## WORK REQUIRED
The goal here is an exact copy of the entries below, without their pictures.

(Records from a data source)

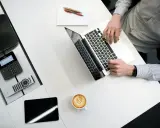 Biurko z laptopem, kawą i telefonem Cisco. Czy to jest CPL? Tak, to miejsce pracy.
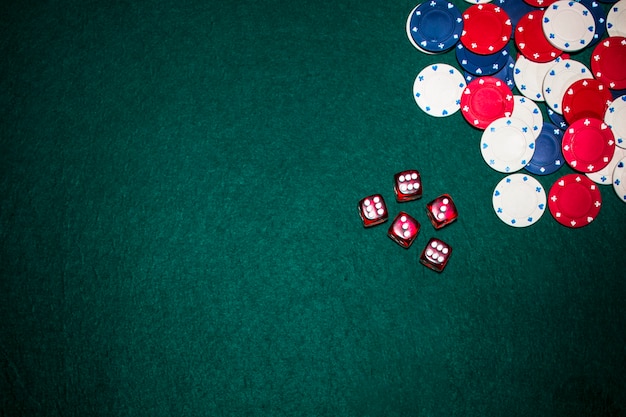 Overhead view of red dices and casino chips on green poker background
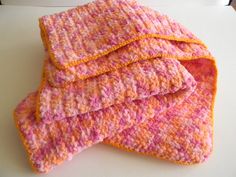 three pink and orange crocheted dishcloths sitting on top of a table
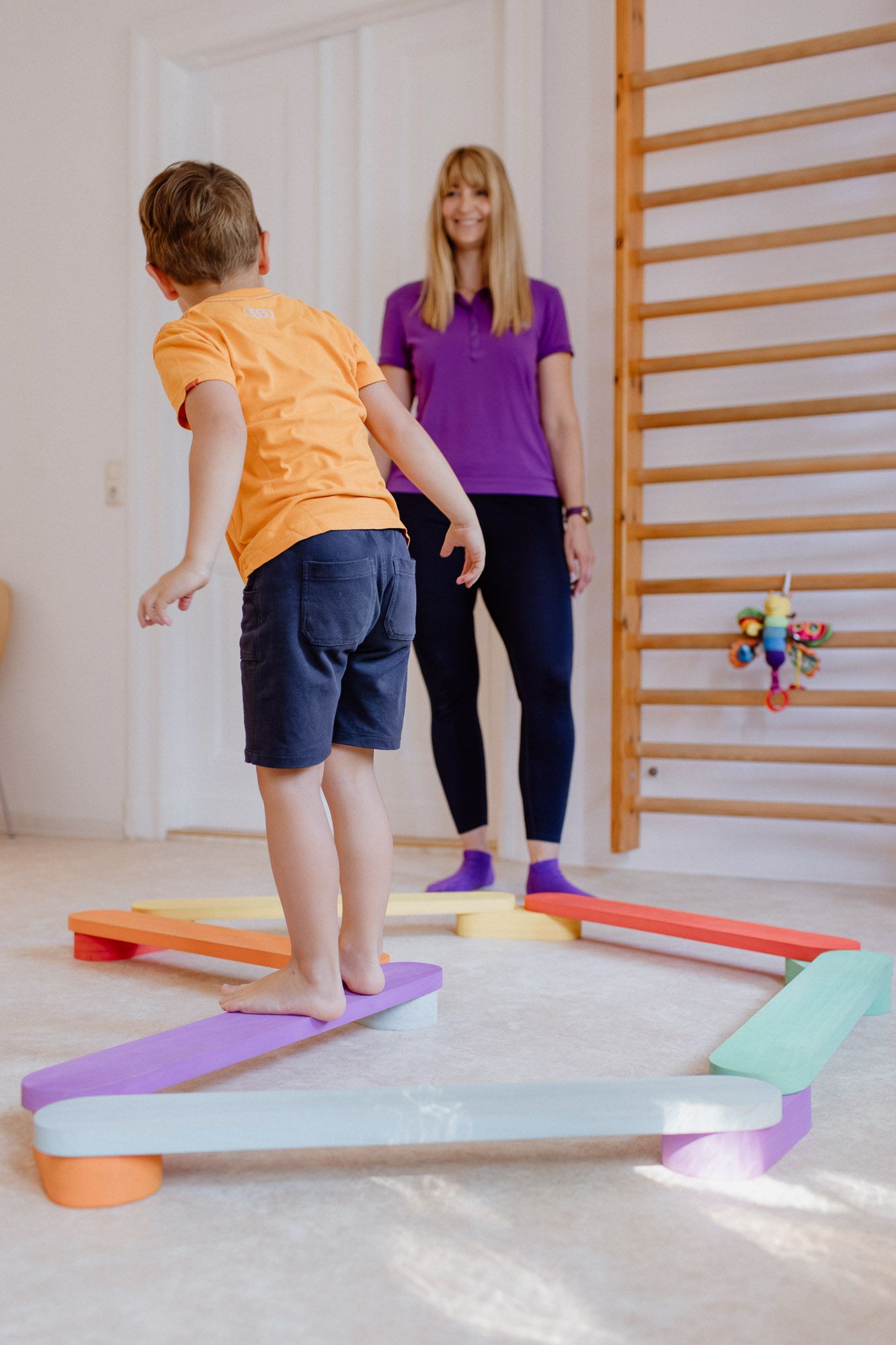 Child practicing motor skills with colorful balance beams and exercise equipment.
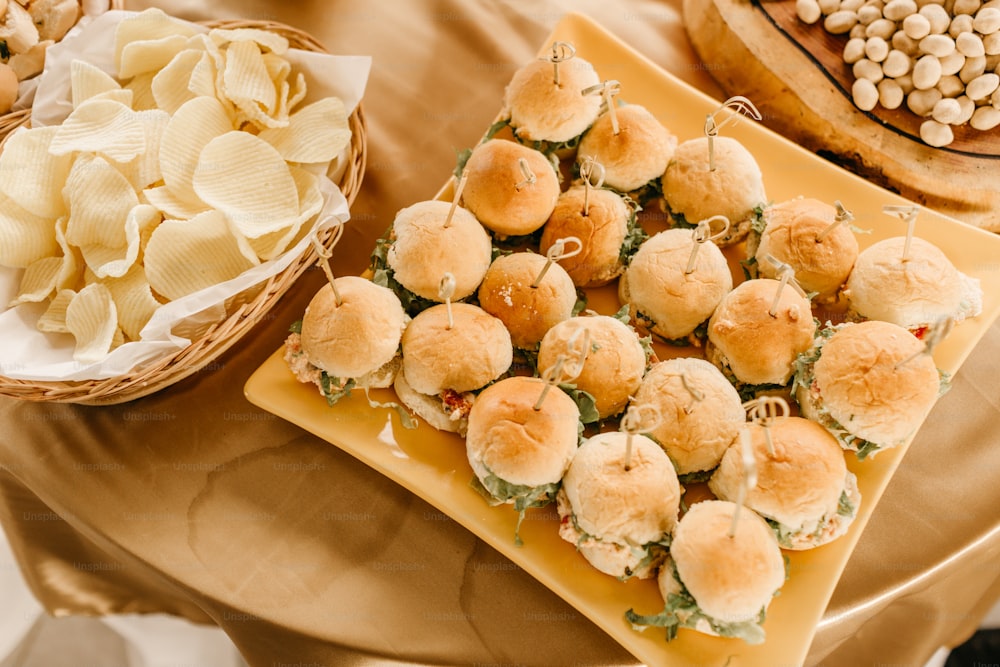 a table topped with plates of food and a basket of chips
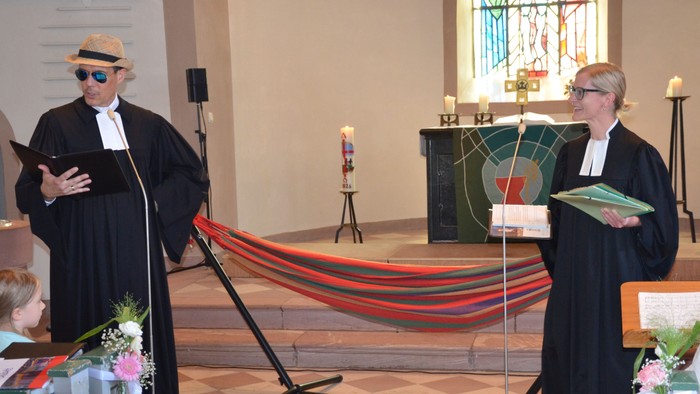 Zwei Geistliche in Roben führen eine Zeremonie in einer Kirche durch, im Hintergrund hängt bunter Stoff.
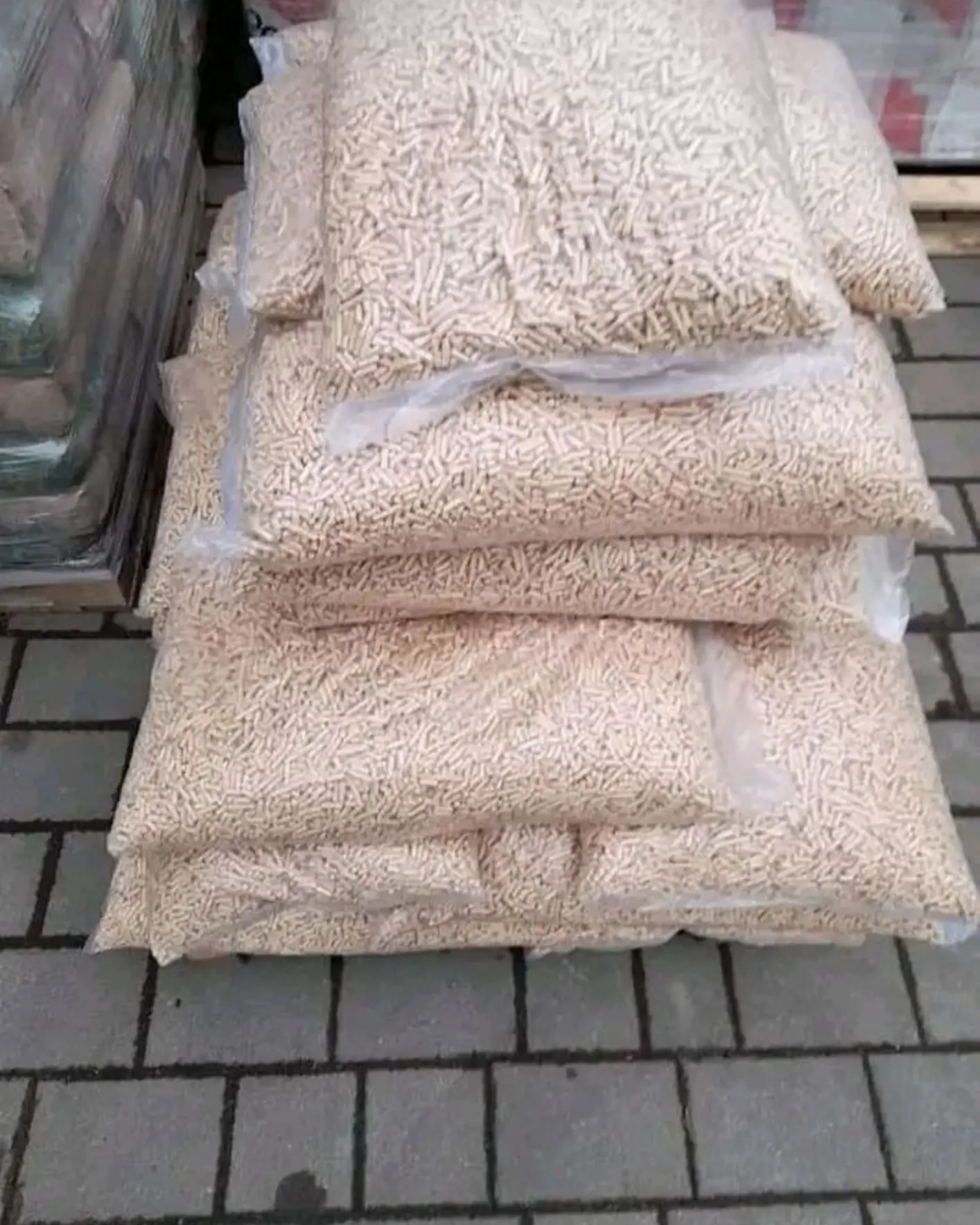 Silver fir wood pellet bags stacked and tied for wholesale delivery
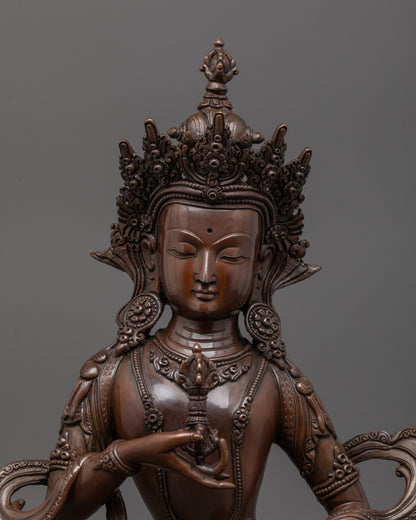 close up of dorje sempa face and vajra bell details in oxidized copper sculpture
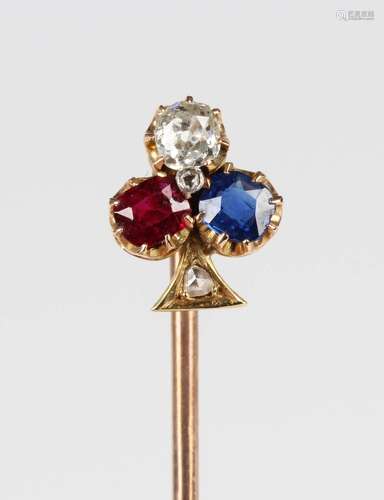 A gold topped, ruby, sapphire and diamond stickpin, the fini...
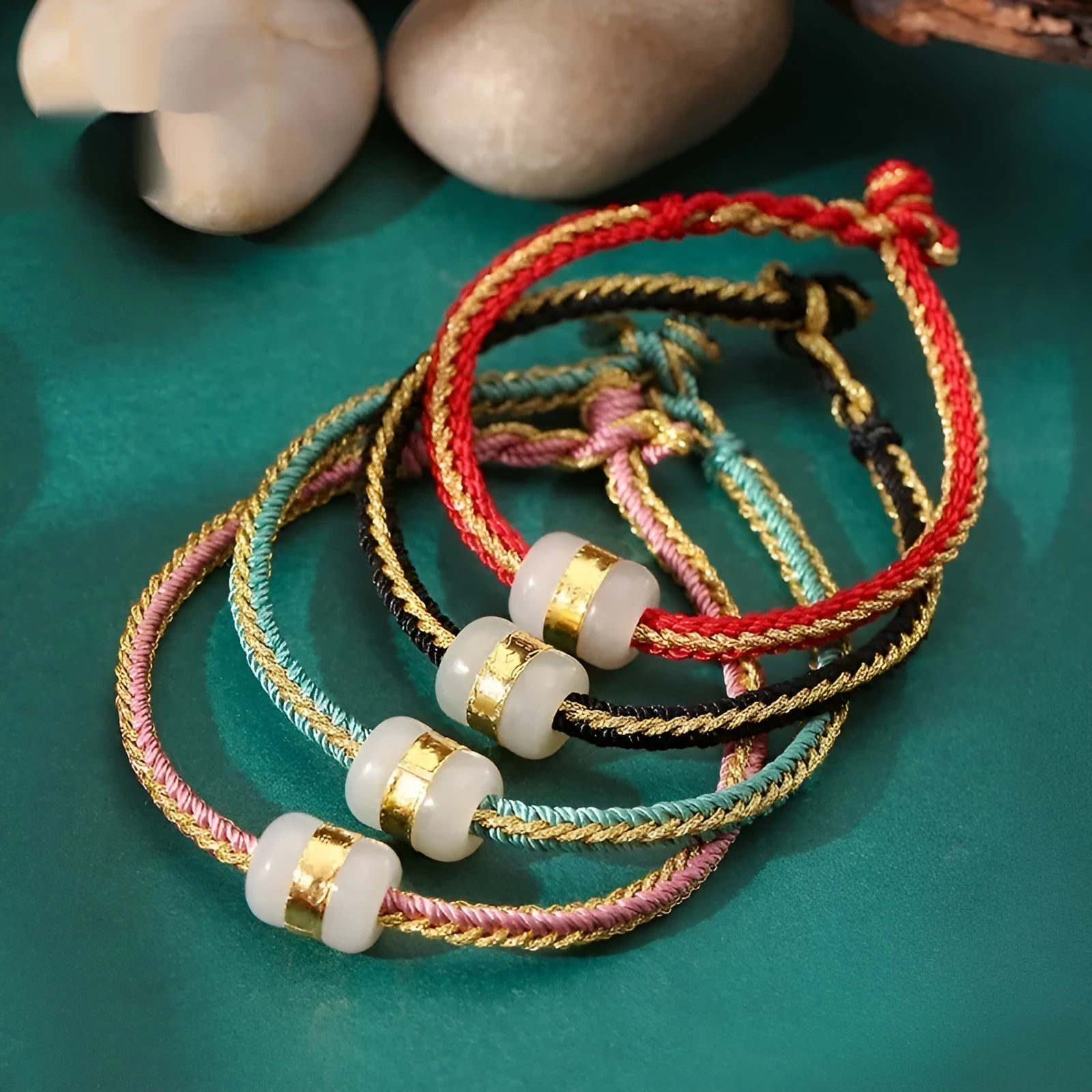 Hand-woven bracelet with Hetian jade inlay gold tone finish geometric shape on dark background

## WRITTEN REPLY
 Biurko z laptopem, kawą i telefonem Cisco. Czy to jest CPL? Tak, to miejsce pracy.
 Overhead view of red dices and casino chips on green poker background
 three pink and orange crocheted dishcloths sitting on top of a table
 Child practicing motor skills with colorful balance beams and exercise equipment.
 a table topped with plates of food and a basket of chips
 Zwei Geistliche in Roben führen eine Zeremonie in einer Kirche durch, im Hintergrund hängt bunter Stoff.
 Silver fir wood pellet bags stacked and tied for wholesale delivery
 close up of dorje sempa face and vajra bell details in oxidized copper sculpture
 A gold topped, ruby, sapphire and diamond stickpin, the fini...
 Hand-woven bracelet with Hetian jade inlay gold tone finish geometric shape on dark background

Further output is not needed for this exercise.